The girl released another wave and I felt the adrenaline surge inside me as I braced for the blow. While the wave hit like a sledgehammer to the chest, Eli stayed on his feet. Everyone else had been blown back again, but Eli kept advancing forward. It was my telek, it must be at least partially working. The girl’s eyes widened as we kept pushing forward, even through the next wave she released.

I tried to expand my telek outward to get to her, but I could only barely sense the room in my head. My mental projection cube kept cutting in and out. My body felt flayed by the bursts of blue light. I didn’t know how long I could keep this up. When the next wave hit, Eli stumbled backward, dropping me.

Then suddenly the girl in front of us sank to the ground. I scrambled to sit up, looking around.

Stunned, I saw Tyryn standing behind her, holding a tranq gun steady. He must have shot her in the split second after she’d released the orb, before she could build another one. She’d been so distracted watching me, she hadn’t even seen him come up behind her. Three tranq rounds stuck out of her neck.

I got to my feet, gritting my teeth against the roaring pain in my ankle, and hobbled into the huge room. We’d gotten here at the end of the fight. Rand, City, and Tyryn were the only ones left standing. The ex-Reg, Wytt, slowly got to his feet, part of his chest plate scorched black.

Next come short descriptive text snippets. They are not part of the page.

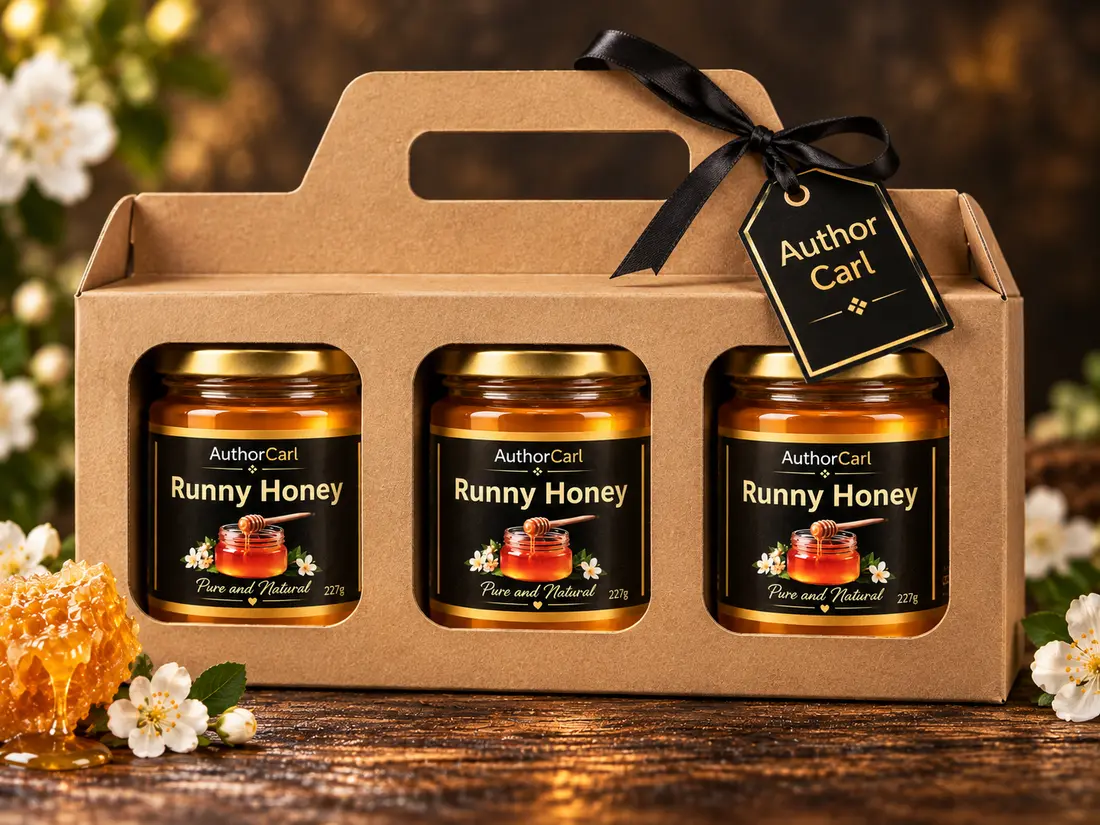 Runny Honey three-jar gift pack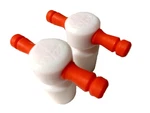 Dwk Life Sci Kimble 41901R-19 Key-head Solid Ptfe Stopper Orange 19/22 (2 Pcs). Fixed Price $19.50.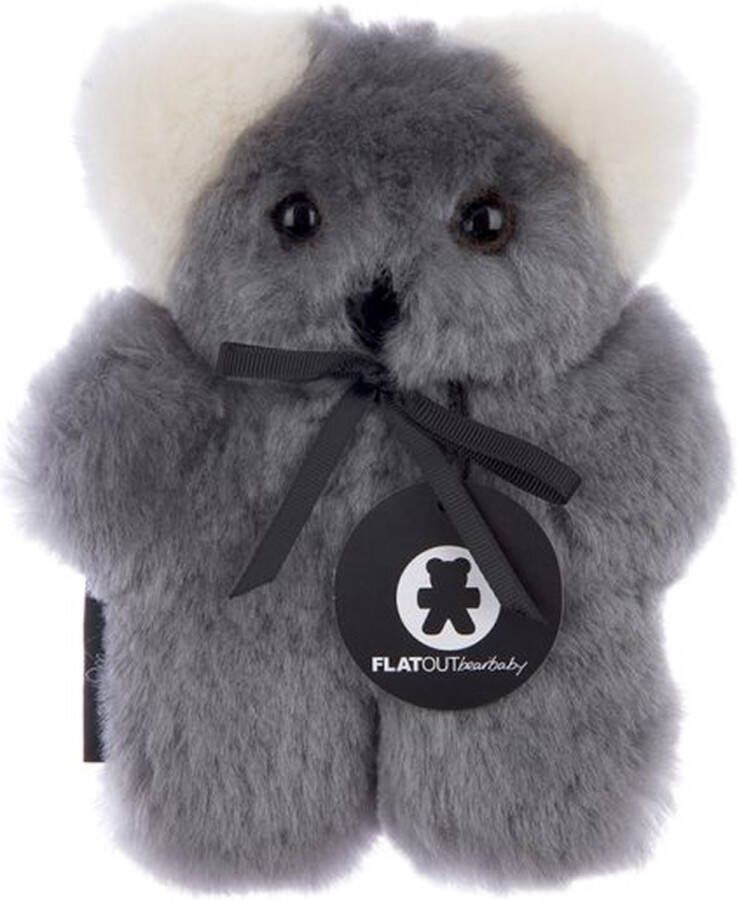 FLATOUTbear x WOOOL FLATOUTbear Baby (Koala) 100% MERINO Schapenvacht Wol ECO Knuffel Kraamcadeau Knuffelbeer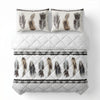 VUODEVAATTEET - Lazy peitto Feathers 3 hiekka Tyynyliinoilla
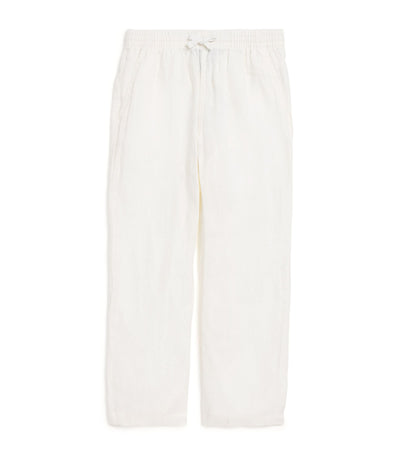 Ralph Lauren Kids Linen Drawstring Sweatpants Children's Trousers 2-7 Years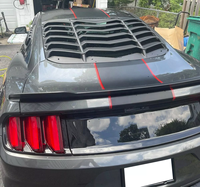 Couvre-lunette arrière en ABS Pare-soleil Ventilation pour Ford Mustang 2015-2023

Bodies were strewn all over the ground. And so much blood. Some wore the gray and green of the Rez fighters. A few others I didn’t recognize, but they looked like teenagers. Glitchers, no doubt. Smoke filled the air. Weapon racks on the ceiling were melted and still burned orange. A few molten drops dripped onto the ground below. Clearly Rand’s handiwork. Half of the left wall was cut up by laser fire, exposing the steel support beams.

“We’ve got to go!” I shouted. Still my voice made no sound.

I’d thought the girl with the orb had also been controlling the silence, but she was knocked out, and no more glitchers were standing. At least that we could see. I felt my heartbeat ratchet up a notch. Ginni had said there were ten glitchers here. Three were on the floor, so where were the others?

City and Rand helped a fallen Rez fighter to his feet. I closed my eyes and concentrated, but between my exhaustion and the silence that quieted the buzz I usually used as a guide, my connection to my telek was unsteady. When it cut in again, I felt the whole room in my head. I grabbed it and tried to hold on. For a moment I managed, and expanded farther beyond the wall.

And that’s when I felt them. There were people huddled in tiny cells beyond the wall, no bigger than the room I’d been closed in for months at the research lab. The bodies were too small to be Regs. They had to be the Chancellor’s other glitchers.

I hesitated for a moment. The girl with the orb was clearly working for the Chancellor voluntarily. But if these glitchers were a danger, wouldn’t they have attacked already? I steeled myself. We had failed part of our mission, but we could still accomplish this objective. I had to try.